Maybe I’m paranoid. Or maybe it’s the fact that I was an Information Security & Assurance major at Kennesaw State University.
But with our heavy reliance on the internet and networking, people often forget that this a two way street. If we, as internet users, have the ability to go out and obtain information, this also means that people also have the means to get into our private systems.
The article below is reprinted from The Telegraph in the United Kingdom.
An army general in charge of cyber security has warned that the United States is increasingly vulnerable to attacks like those that destroyed data on tens of thousands of computers in Saudi Arabia and South Korea in the past year.
Gen Keith Alexander, who heads the National Security Agency (NSA) and US Cyber Command, told a cybersecurity summit in Washington that US computer networks were already under constant attack and billions of dollars worth of intellectual property were flowing out of the country each year.
“Mark my words, it’s going to get worse.
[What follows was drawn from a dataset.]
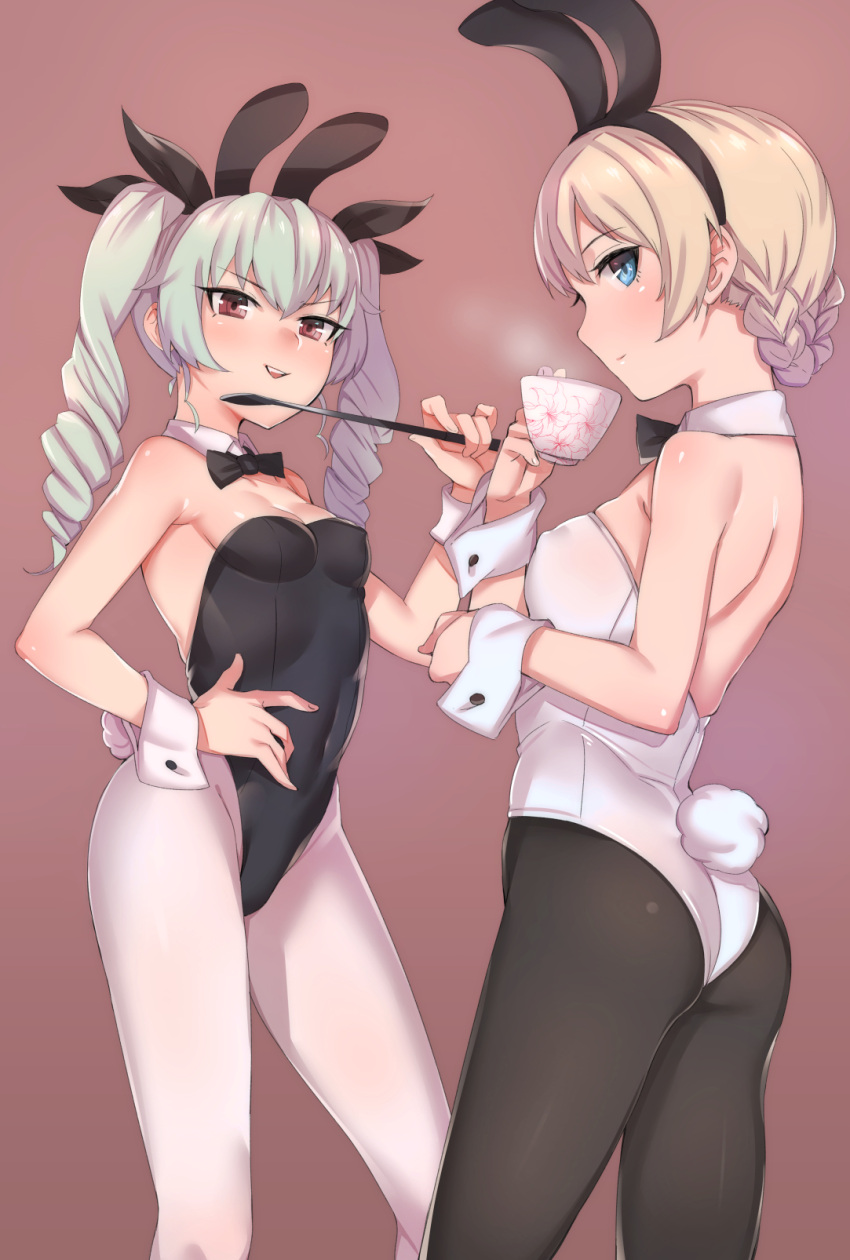 2girls anchovy animal_ears ass blonde_hair blue_eyes bowtie braid breasts bunny_tail bunnysuit covered_navel covered_nipples cup darjeeling detached_collar drill_hair fake_animal_ears girls_und_panzer green_hair highres inuhasiru long_hair multiple_girls pantyhose rabbit_ears riding_crop short_hair smile standing steam tail teacup twin_drills twintails white_legwear wrist_cuffs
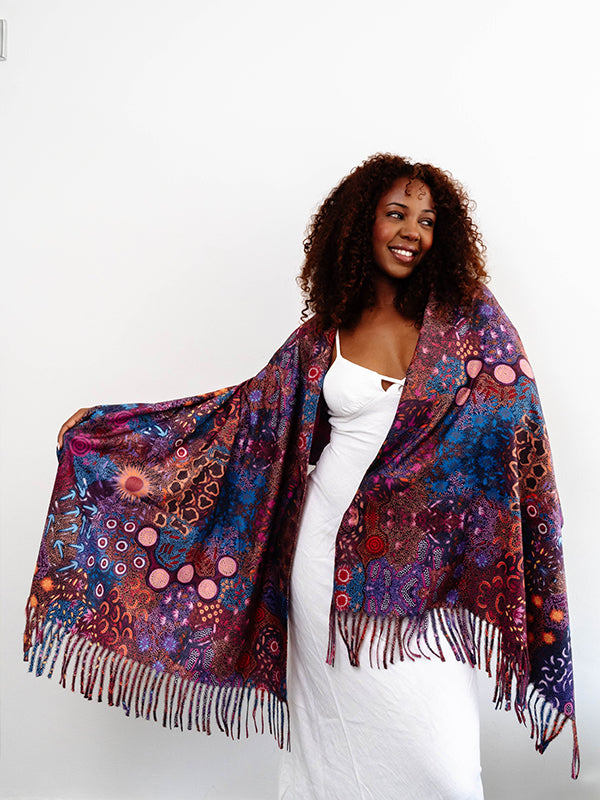 Women’s Dreaming Aboriginal art scarf by Khatija Possum, Koh Living (view 2)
The disruptive and destructive attacks on our country will get worse and … if we don’t do something, the theft of intellectual property will get worse,” Mr Alexander said at the summit.
The general argued forcefully for legislation that would make it easier for the government to work with industry on monitoring private computer networks for signs of intrusion, despite concerns raised by privacy advocates.
Mr Alexander said he was not aware of any cyber assaults against the United States as destructive as the one that damaged computers at Saudi Arabia’s national oil company, Aramco, last year. But he said similar attacks could well be seen “in the not-too-distant future” on key U.S. infrastructure sectors, such as public utilities and financial services.
“We can protect our networks and protect our civil liberties and privacy,” Alexander told the summit.
He said proposed legislation would not allow government agencies to view data that identified individual people, except in specific cases that required special waivers.
Gen Alexander’s comments are just the latest in America’s increasingly vocal war on cyber espionage.
President Barack Obama’s most senior security aide said in March that China’s government must take action to stop the “unprecedented” wave of cyber-attacks against the US.
The UK suffered 44 million cyber attacks in 2011 – the equivalent of 120,000 a day – and such attacks are estimated to cost the country up to £27 billion a year.